Seit den 1980er-Jahren ist das durchschnittliche Gewicht aller Lamborghini-Modelle um etwa 500 Kilo gestiegen; eine Folge der Anforderungen an Sicherheit, Komfort und Emissionswerte. „Ein Trend, den wir dringend umkehren müssen. Da wir aber weder auf Sicherheit noch auf Komfort verzichten können, werden wir neue Materialien einsetzen“, sagt der Chef des Hauses, in dem Kohlefaser als Zauberwort gilt. Seit mehr als 30 Jahren arbeitet man in Sant’Agata Bolognese mit diesem Werkstoff. Das Unternehmen unterhält in Sant’Agata Bolognese und Seattle Forschungslaboratorien. Man beherrsche eine Reihe von Technologien, „die uns für die Produktion von kleinen Serien in eine klare Führungsposition bringen“, sagt Winkelmann stolz und kündigt an, dass künftig bei jedem neuen Lamborghini Kohlefaser-Technologie zur optimalen Gewichtsreduzierung zum Einsatz kommen wird. So soll der neue Lamborghini V12 2011 ein völlig neues Kapitel in der Geschichte der Marke eröffnen.

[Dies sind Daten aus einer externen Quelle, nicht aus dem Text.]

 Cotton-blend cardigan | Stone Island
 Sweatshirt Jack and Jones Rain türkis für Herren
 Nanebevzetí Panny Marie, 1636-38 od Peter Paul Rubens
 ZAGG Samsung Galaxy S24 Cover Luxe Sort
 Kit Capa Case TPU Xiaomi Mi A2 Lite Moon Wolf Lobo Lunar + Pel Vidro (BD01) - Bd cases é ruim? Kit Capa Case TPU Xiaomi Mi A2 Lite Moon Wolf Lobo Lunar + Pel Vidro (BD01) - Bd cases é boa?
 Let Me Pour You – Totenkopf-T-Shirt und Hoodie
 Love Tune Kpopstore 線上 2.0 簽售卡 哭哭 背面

Das innovative Monocoque des Murciélago-Nachfolgers aus Carbon-Composite-Materialien steht für die Schlüsseltechnologie für den Automobilbau von morgen, insbesondere für Hochleistungs-Sportwagen. Diese Werkstoffe haben nicht nur geringes Gewicht, sondern auch exzellente Werkstoffeigenschaften: Sie sind sehr leicht, extrem fest und hoch präzise. Zudem lassen sich in CFK hoch komplexe Bauteile mit integrierten Funktionen formen, was die Zahl der Einzelteile reduziert und damit wiederum Gewicht einspart und die Fahrzeuge verbrauchsärmer macht. Vor allem aber verbessert sich das Leistungsgewicht und damit die Performance. Ein Supersportwagen in CFK-Bauweise beschleunigt schneller, zeigt ein überlegenes Handling und bremst auch besser.

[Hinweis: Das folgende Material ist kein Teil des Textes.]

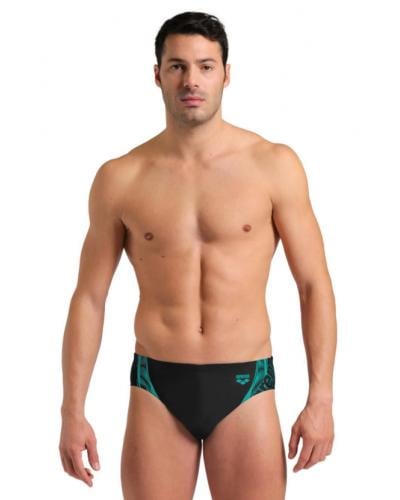 Плавки Arena SWIM BRIEFS GRAPHIC р. 80 Черный (005536-580 80) - фото 1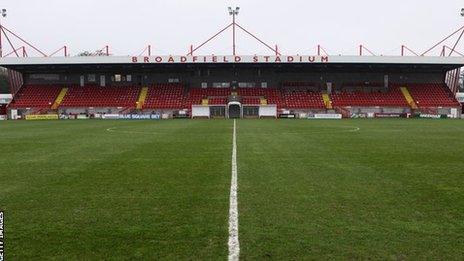 Crawley Town's Broadfield Stadium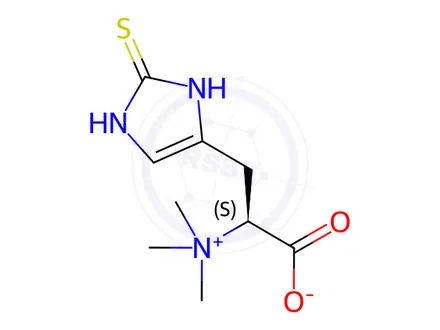 Chemical structure of Ergothioneine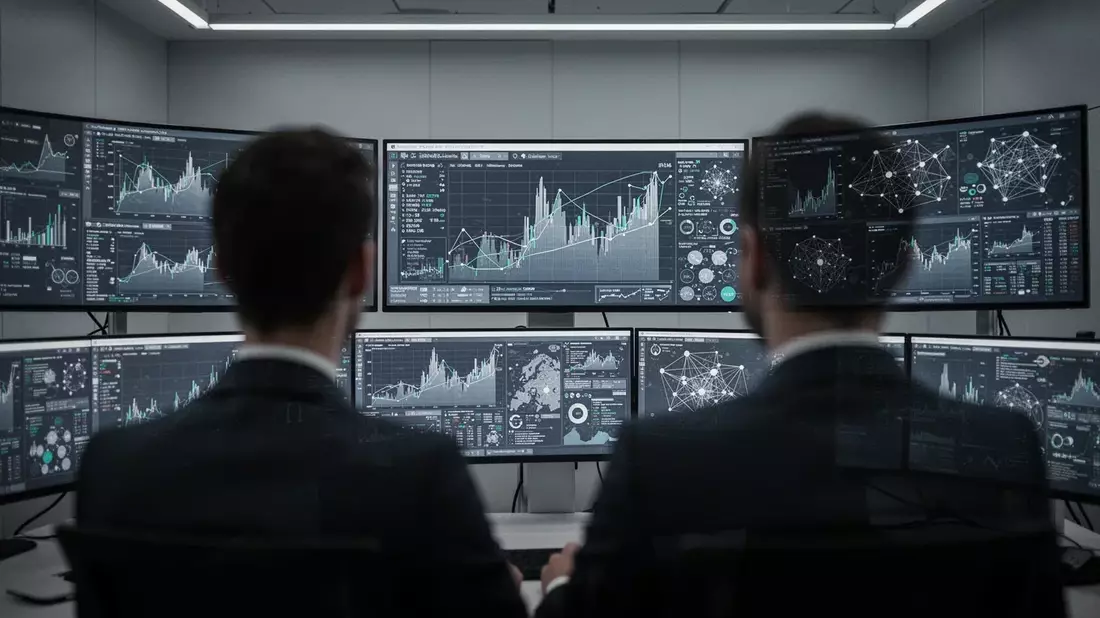 CSG Systems Aktie: Profis schichten um Illustration mit AI erstellt übermittelt durch boerse-global.de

Die Zelle des künftigen Lamborghini-Flaggschiffs ist komplett aus Kohlefaser gefertigt und wurde als Monocoque-Struktur konstruiert. Die lasttragende Struktur des Fahrzeugs ist als eine Schale konstruiert. Sie wirkt physikalisch als einziges Bauteil. Damit lassen sich die Vorteile der extremen Steifigkeit der kohlenstofffaserverstärkten Kunststoffe (CFK) optimal nutzen.

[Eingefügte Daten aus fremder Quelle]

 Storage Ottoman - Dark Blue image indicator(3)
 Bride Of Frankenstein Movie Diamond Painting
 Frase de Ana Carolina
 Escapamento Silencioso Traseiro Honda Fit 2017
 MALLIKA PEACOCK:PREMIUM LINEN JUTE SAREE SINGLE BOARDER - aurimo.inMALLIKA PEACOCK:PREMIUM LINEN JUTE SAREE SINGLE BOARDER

Rennwagen der Formel 1 werden seit Jahren in dieser Bauweise gefertigt und glänzen mit extremer Crashsicherheit. Dasselbe gilt für einen Straßensportwagen, der die Monocoque-Technologie nutzt: Die Passagierzelle aus Kohlefaser wirkt wie ein extrem sicherer Schutzkäfig.

Konstruktion bietet deutliche Vorteile

Das neue Lamborghini-Monocoque ist aus einer Reihe von Einzelteilen mit spezifischen Funktionen aufgebaut. Zu ihnen gehören auch aussteifende Elemente, die in Braiding-Technologie gefertigt werden. Sie gilt als eine der besten Technologien, um im Crashfall Energie zu absorbieren. Die gesamte Struktur wirkt wie ein einziges Bauteil, inklusive des Unterteils, der sogenannten Wanne (tub), und des kompletten Dachs.

Bei Lamborghini betont man die Vorteile der Voll-Monocoque-Bauweise, die andere Lösungen wie eine einfach auf die Wanne aufgeschraubte Dachkonstruktion nicht ermöglichen. Das gesamte Monocoque wiegt gerade mal 147,5 Kilogramm.

Neben der überlegenen passiven Sicherheit durch die extreme Festigkeit eines Kohlefaser-Voll-Monocoques überzeugt diese Bauweise auch durch hohe Torsionssteifigkeit. Das Monocoque ist vorn und hinten mit ebenfalls hochsteifen Hilfsrahmen aus Alu verbunden, an denen die Radführungen sowie Motor und Getriebe montiert sind.

Der gesamte Rohbau des künftigen V12-Modells wiegt lediglich 229,5 Kilogramm und besitzt dabei eine Torsionssteifigkeit von 35.000 Newtonmetern pro Grad Verdrehwinkel. Die Folge: eine überaus exakte Radführung und exzellente Lenkpräzision. Das neue Topmodell von Lamborghini folge den feinsten Lenkbewegungen mit faszinierender Präzision und bringe die Exaktheit eines perfekt abgestimmten Rennwagens auf die Straße, verspricht die Marke.